Back to the moves he did make. Elsbury is tied for the team lead in runs batted in and stolen 31 bases. Is he having the best year of his career? No, but he is not the problem and for now, neither is his contract.
Beltran had a fantastic year in 2013, showing no signs of injury or age. He hit .296 with 24 homers and 84 RBI, so few had a problem when the Yankees took him on.
Meanwhile, the McCann signing was praised around baseball. Despite getting five years and $85 million from the Bombers, McCann’s contract was substantially less years and/or money than what other top catchers like Yadier Molina (10-year, $96.5 million), Joe Mauer (8-year, $184 million) and Buster Posey (9-year, $164 million) had gotten. Considering the Yankees’ desperation for a backstop, few had anything negative to say about the signing at the time.
If anything, the move that was most criticized was giving Masahiro Tanaka a seven-year, $155 million deal despite never throwing a pitch in the big leagues. That signing was worth every penny before Tanaka hit the disabled list, as he went 12-4 with a 2.51 ERA.
Have these moves all played out the way Cash had hoped? Of course not. But it is not his fault that McCann is hitting .238 and Beltran is at .243. These guys are playing well below the expectations they have consistently met with ease throughout their careers, and Cashman is not the one up at the plate with a bat in his hand. Its not Cashman’s fault Tanaka and the rest of the rotation got hurt. Its not his fault Alfonso Soriano went from having one of the best second halves in history last year to completely forgetting how to hit this season.
Cashman does not play the game. He just makes the moves, and few anything to say when they were made. The guys on the field have to produce.
So, instead of whining at these supposedly awful moves Cashman has made that has this team barely treading water, how about looking at the moves he has made to keep them afloat.
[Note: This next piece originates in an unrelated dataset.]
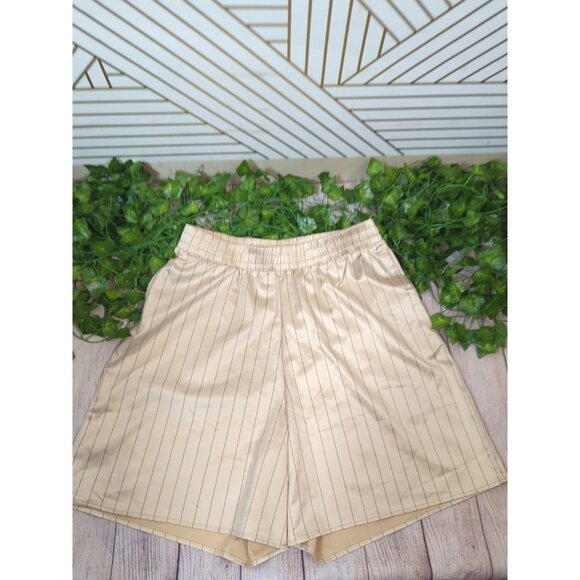 ZARA Women's Satin Effect Gold Striped Shorts Boxer Satin Size Medium - Picture 2 of 6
Brandon McCarthy has gone from scrub to star since he was picked up from Arizona, posting a 4-1 record with a 2.21 ERA in six starts. Chris Capuano only cost cash considerations. He has 3.60 ERA in four starts. Chase Headley, who was obtained for Yangervis Solarte and a low-level pitching prospect, is starting to come around at the plate and has made several run-saving plays with his spectacular defense. Meanwhile, Martin Prado and Stephen Drew offer solid defense and versatility in the field as they attempt to find their way in the batter’s box.
Without some of these moves, this Yankees ship would have sunk a long time ago. Instead, Cashman went out and plugged the leaks, and he did so without really sacrificing anything. Without Brian Cashman, this team would already be done.
So, when fans are calling Cashman out on the airwaves, the media is writing articles about whether its time for him to go or not, and one of the Steinbrenner sons gives a sketchy answer about his future, one should be scratching their head.
It just does not make sense. Cashman has made bad moves before, but they were bad at the time. The moves that people are complaining about now received applause and fist pumps at the time.
Its easy for fans, the media and Hal to blame the GM who does not have contract at the end of the season, because hindsight is always 20-20. Still, that does not make it right.
With such unfair criticism, if anything, Brian Cashman should decide if he wants the Yankees back in 2015.